X ve Y kuşaklarına değinmeden önce bu dönemin en önemli gerçekliği olan küreselleşme ve etkileri üzerinde duran Dr. Öğr. Üyesi Aslaner, 1980 sonrası dönemde yaşanan değişimlerin toplumu yepyeni bir forma büründürdüğünü dile getirerek, “Bu dönemde küreselleşmenin etkisini tüm toplum yapılarında görmeye başlıyoruz. Ekonominin serbestleşmesi ile birlikte Türkiye, batı kültürü ile tanışıyor. Reklamlar, Amerikan yapımı dizi ve filmler aracılığıyla batılı yaşam tarzı özendiriliyor ve yaygınlaştırılıyor. Bireylere iletişim araçları yoluyla nasıl göründükleri değil, nasıl görünmeleri gerektiği kabul ettiriliyor. X ve Y kuşakları bu özellikleri görmeye başladığımız bir kuşak olarak karşımıza çıkıyor.” İfadelerine yer verdi. X kuşağının arada kalmış, yeni ve eski arasında bocalayan bir kuşak olmasına karşın Y kuşağında popüler kültürün etkilerinin yoğun olarak görüldüğünü vurgulayan Dr. Öğr. Üyesi Aslaner, “Y kuşağı tamamen teknoloji ile iç içe geçmiş bir kuşak. Hayatlarının merkezini tüketim oluşturuyor. Anlık hazların peşindeler. Y kuşağı mutluluğu tüketimle özdeşleştiriyor. ‘Tüketiyorum öyleyse varım’ gibi bir anlayışa sahipler.” Değerlendirmesinde bulundu.

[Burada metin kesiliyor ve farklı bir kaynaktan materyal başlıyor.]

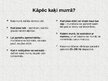 Presentations 'Mājdzīvnieki - kaķi', 6.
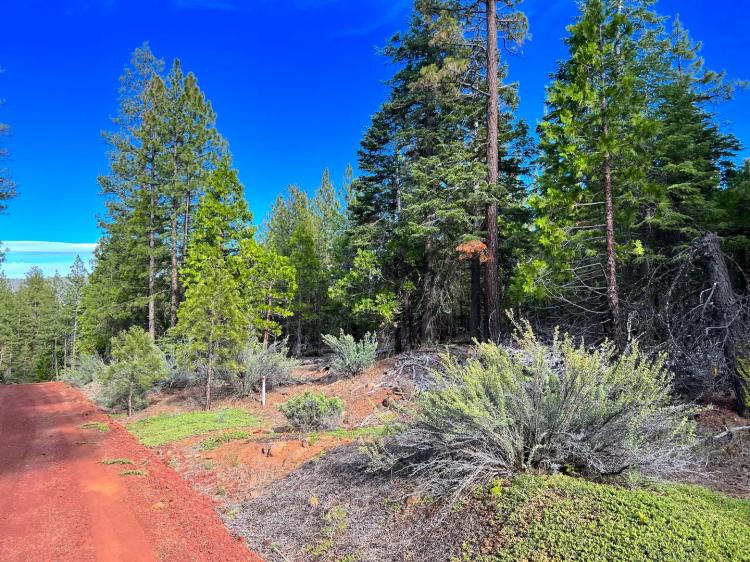 Breathtaking Views & Bliss: 0.93 Acres for $143/mo - Easy Owner Financing!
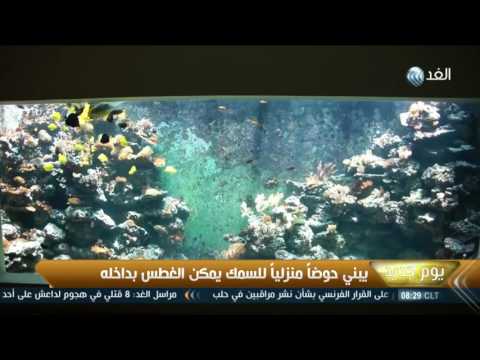 شاهد رجل يبني حوضًا منزليًا للسمك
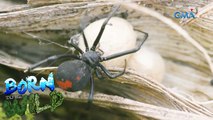 Super spiders: The protective nature of female spiders | Born to be Wild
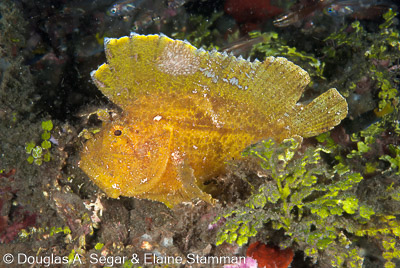 Scorpionfish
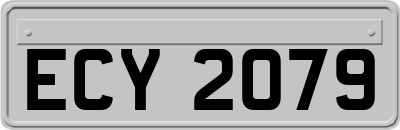 ECY2079
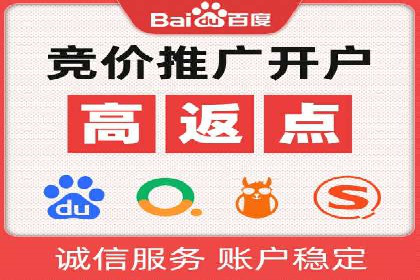 Sem优化公司案例：精准广告投放策略解析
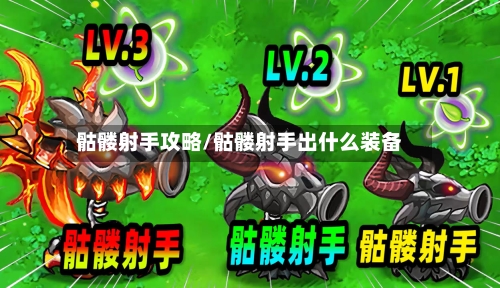骷髅射手攻略/骷髅射手出什么装备-第3张图片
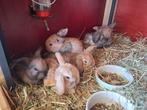Babykonijntjes, Dieren en Toebehoren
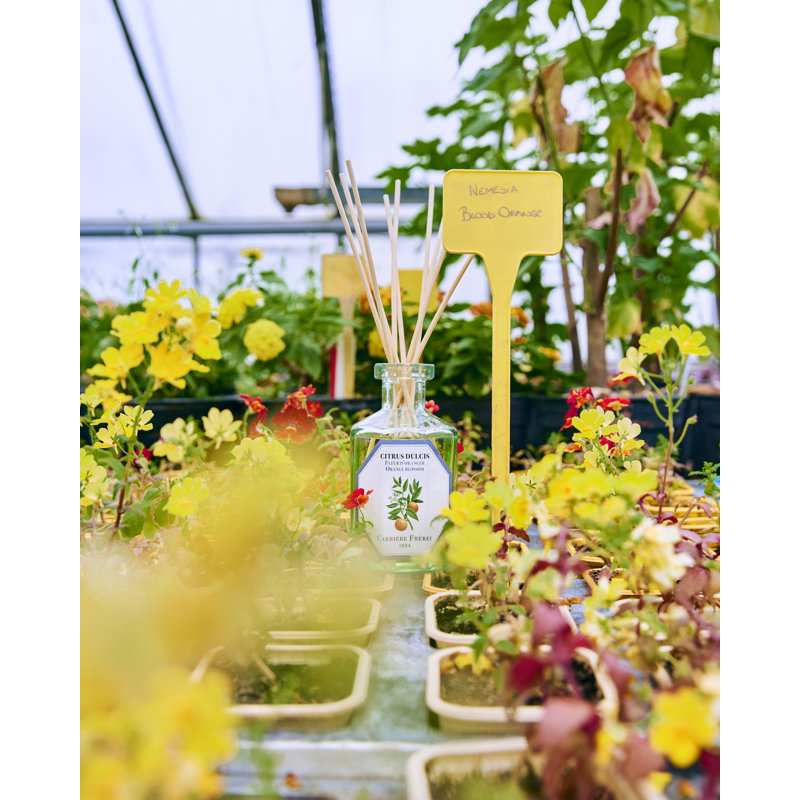Orange Blossom Reed Diffuser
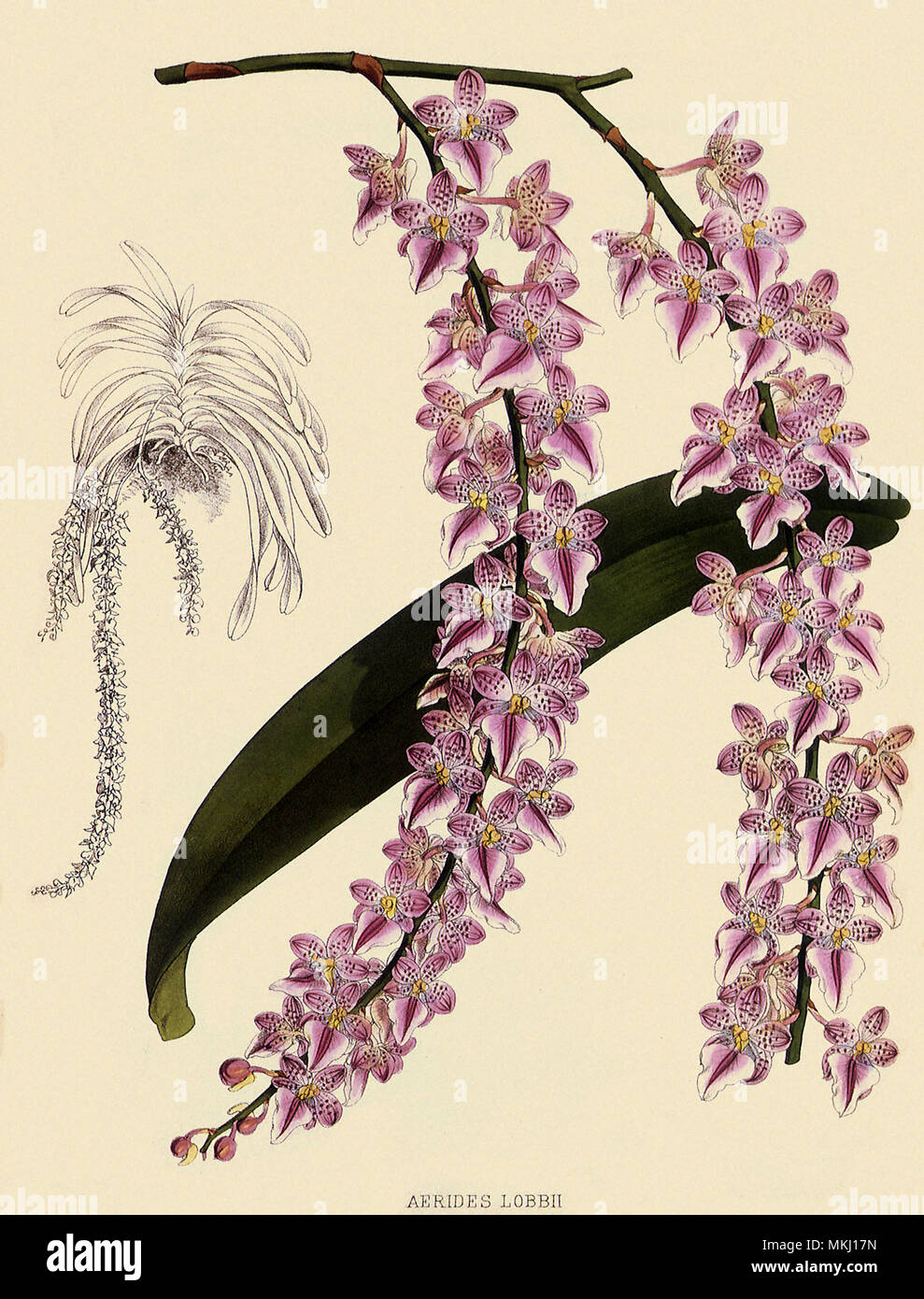 Foxtail Orchids, Aërides Lobbii Stock Photo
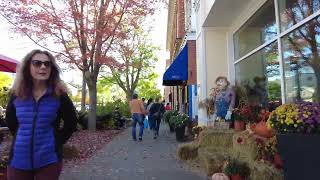 Niagara On The Lake Walking Tour  Ontario Canada [upl. by Enicnarf]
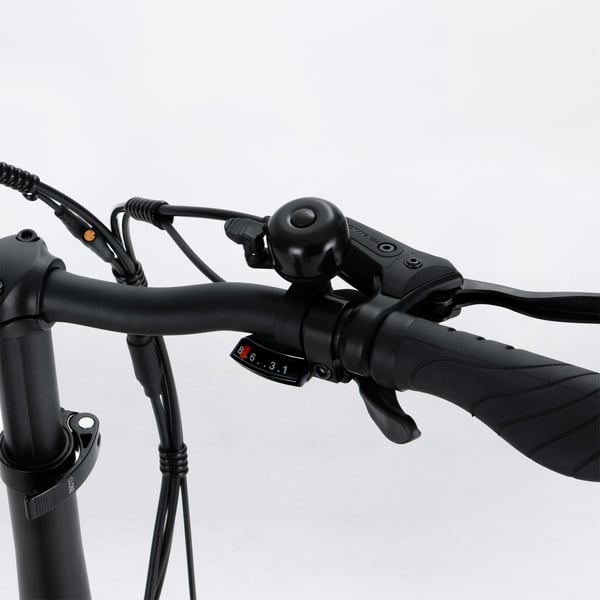 FitNord Rumble 150 Elfatbike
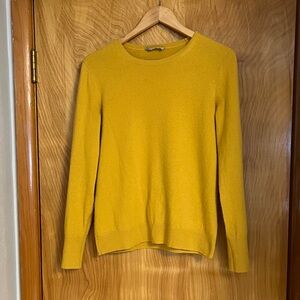 Everlane Classic Crew in Cashmere Mustard Color
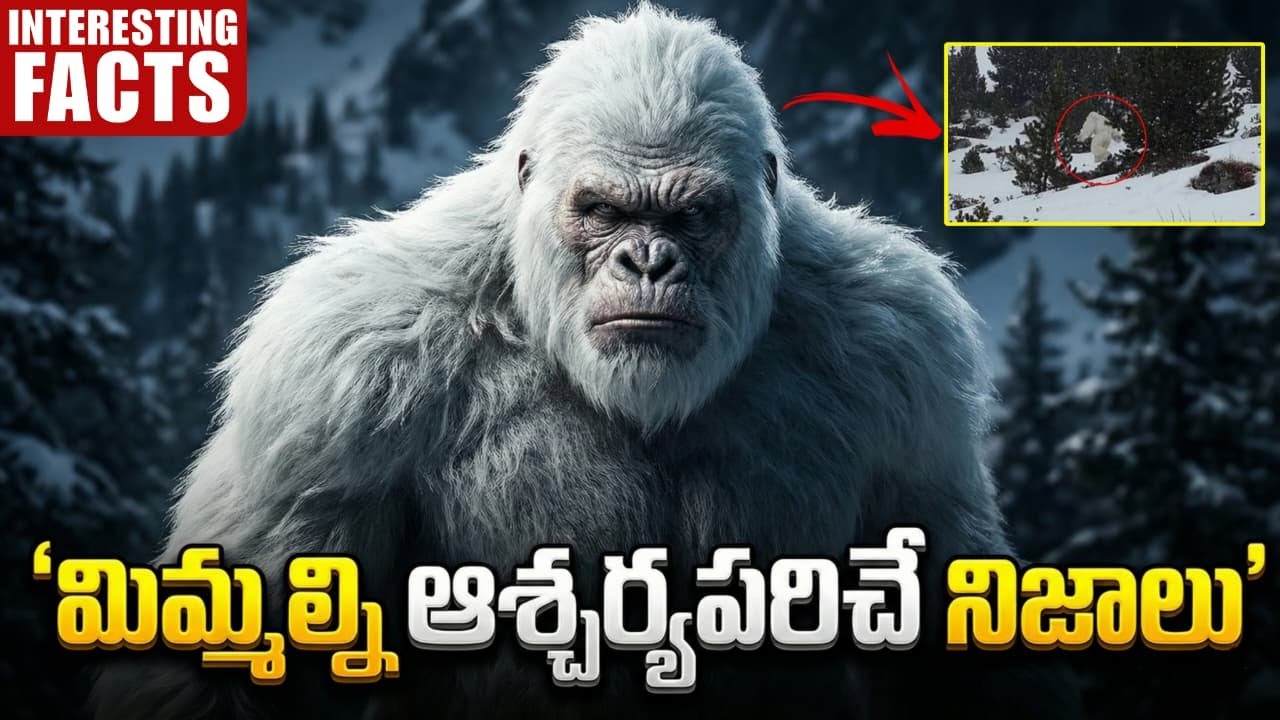 yeti Snowman  Mystery Work or ? Interesting Facts In Telugu | Facts Forever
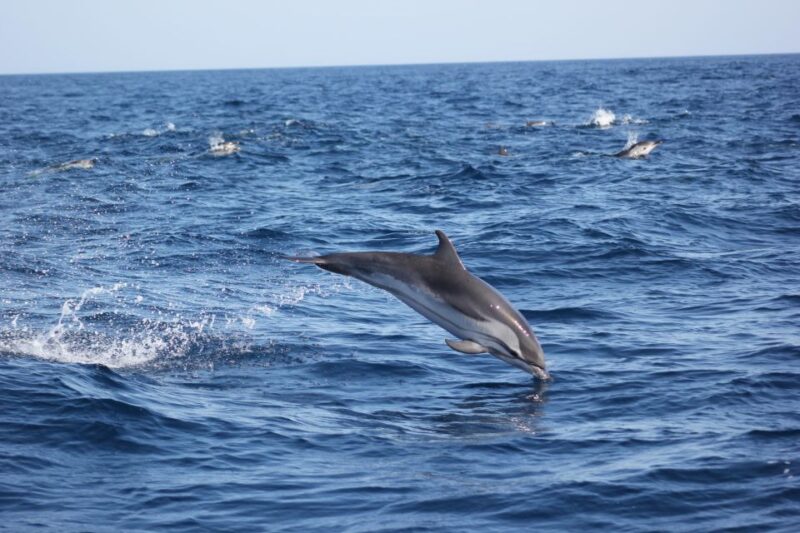 Sagres: Wildlife Tour Dolphins and Caves - Customer Feedback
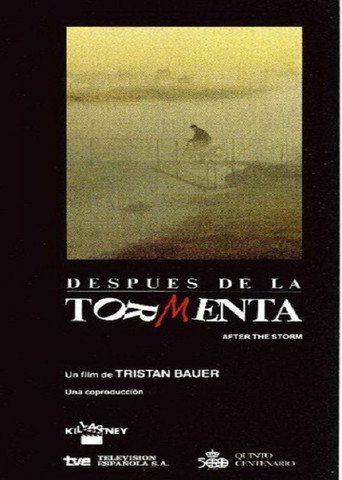 Póster de Después de la tormenta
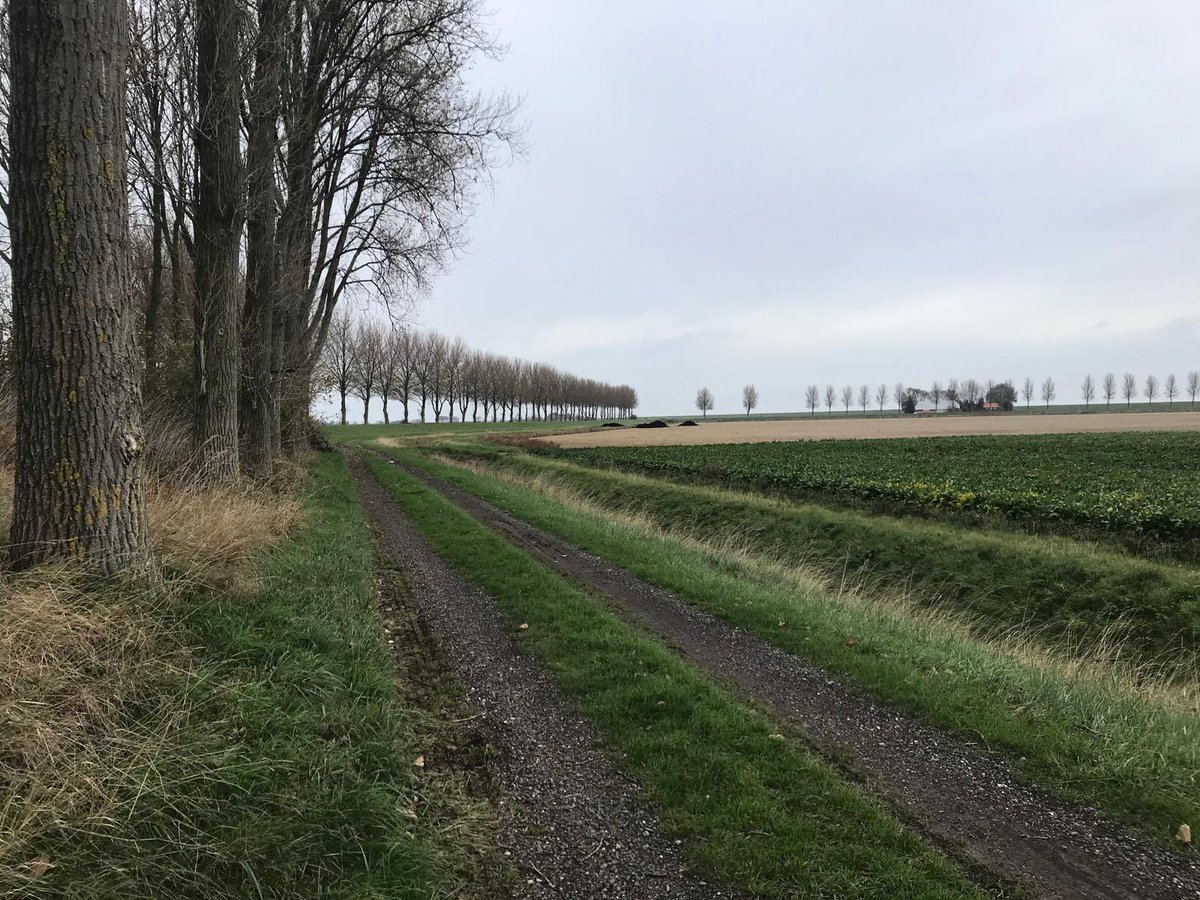 Goedemorgen wens jullie een mooie dinsdag toe!😘🌤️☕️🙋🏻‍♀️
#Coupure #Eiergat2 #Beukelspolder1845
#Biervliet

“Siz Siz Olun Dijital Adımlarınızı İyi Atın”
Z kuşağı ve Alfa kuşağı olarak adlandırılan kuşaklarda özellikle dijitalleşmenin etkilerinin kaçınılmaz olduğuna dikkat çeken Dr. Öğr. Üyesi Aslaner, Dan Brown’ın “Bazen başka birinin gerçeğini anlamak için tek yapman gereken bakış açını değiştirmektir.” Sözünden hareketle öğrencilere şu tavsiyelerde bulundu: “Bu sözü bir iletişimci olarak aklınıza yazın. Çünkü her türlü kuşakla çalışmak durumunda kalacaksınız. O yüzden bakış açınızı değiştirin. Ciddi bir dönüşüm sürecindeyiz. Siz siz olun dijital adımlarınızı iyi atın. Ve şunu da asla unutmayın. İyi bir iletişimci öncelikle iyi bir insan olmalıdır. Önyargılardan sıyrılın. Kendinize inanın ve güvenin.” Sözleriyle konuşmasını noktaladı.